▶ [Problem]:
Could you restate word for word every line from the one containing "Vertrauen aufbauen Pferd: 8" to the end of the data below, pictures excluded?

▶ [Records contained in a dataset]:

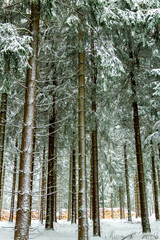 Schöne Winterlandschaft auf den Höhen des Thüringer Waldes bei Schmiedefeld - Thüringen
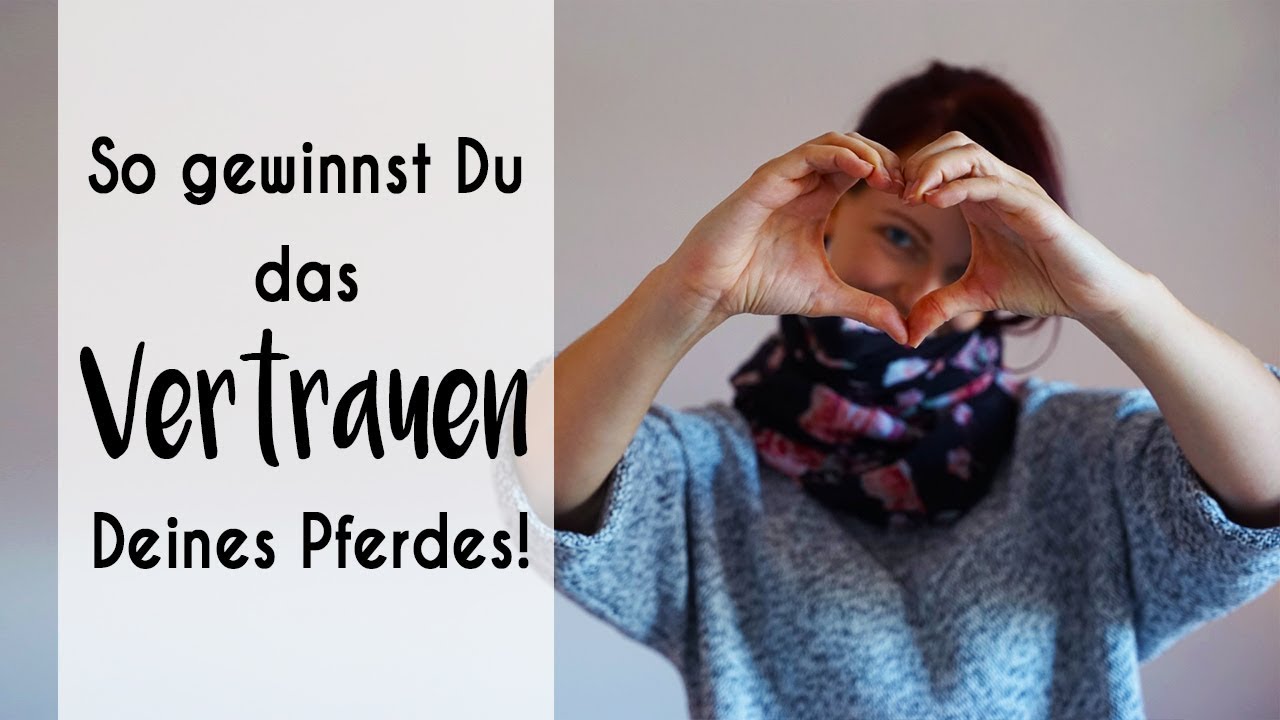Vertrauen aufbauen Pferd: 8 Tipps für eine gute Beziehung zu Deinem Pferd!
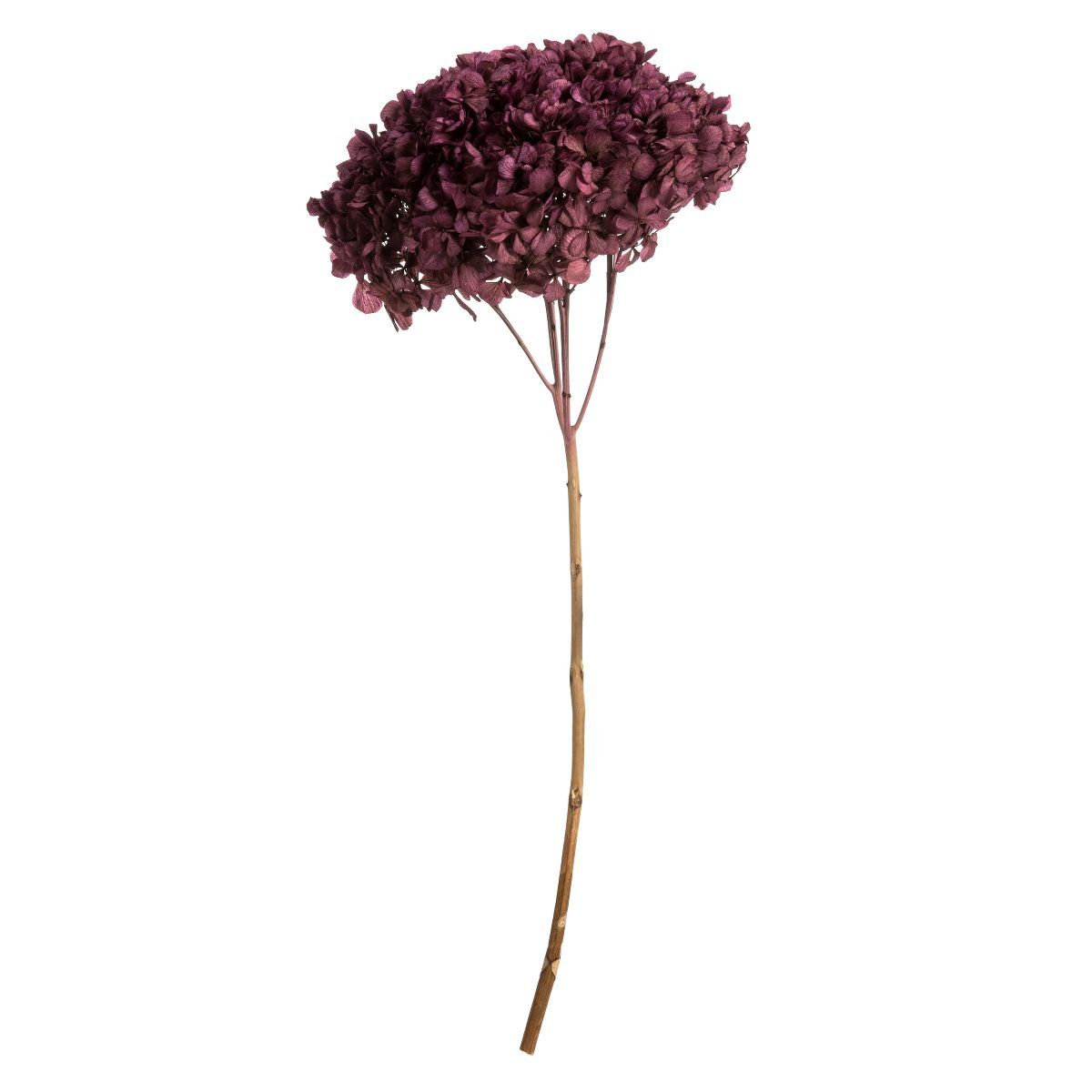 Vickerman 15” Purple Orchid Hydrangea with Multiple Branch Segments. Preserved | Target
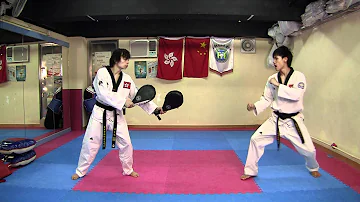 【Taekwondo】Combo Kicks, Turning Kicks, Single Kicks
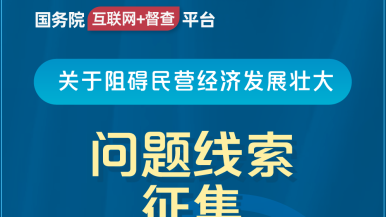 免费插插片国务院“互联网+督查”平台公开征集阻碍民营经济发展壮大问题线索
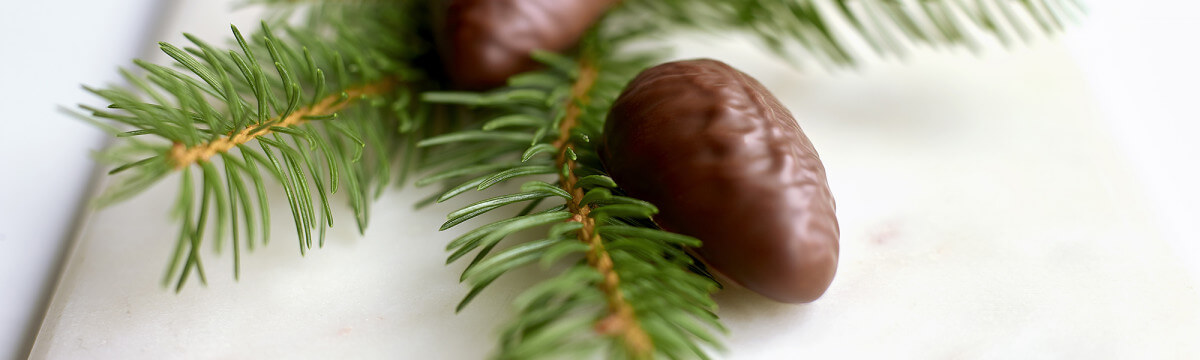 Plant based pine fruit chocolate praline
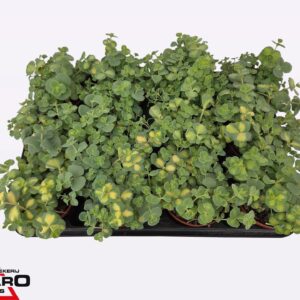 Sedum sieboldii Mediovariegatum Sedum sieb. mediovar. P8,5
(12 Plants/Order)(8.5cmP 12cmH)
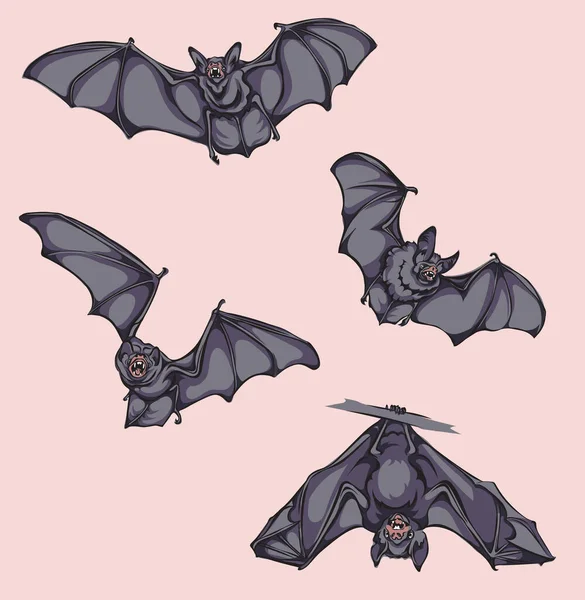 Chauve Souris Chauve Souris Vol Mouvement Dans Différentes Positions Couleur — Image vectorielle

▶ [Written reply]:
Vertrauen aufbauen Pferd: 8 Tipps für eine gute Beziehung zu Deinem Pferd!
 Vickerman 15” Purple Orchid Hydrangea with Multiple Branch Segments. Preserved | Target
 【Taekwondo】Combo Kicks, Turning Kicks, Single Kicks
 免费插插片国务院“互联网+督查”平台公开征集阻碍民营经济发展壮大问题线索
 Plant based pine fruit chocolate praline
 Sedum sieboldii Mediovariegatum Sedum sieb. mediovar. P8,5
(12 Plants/Order)(8.5cmP 12cmH)
 Chauve Souris Chauve Souris Vol Mouvement Dans Différentes Positions Couleur — Image vectorielle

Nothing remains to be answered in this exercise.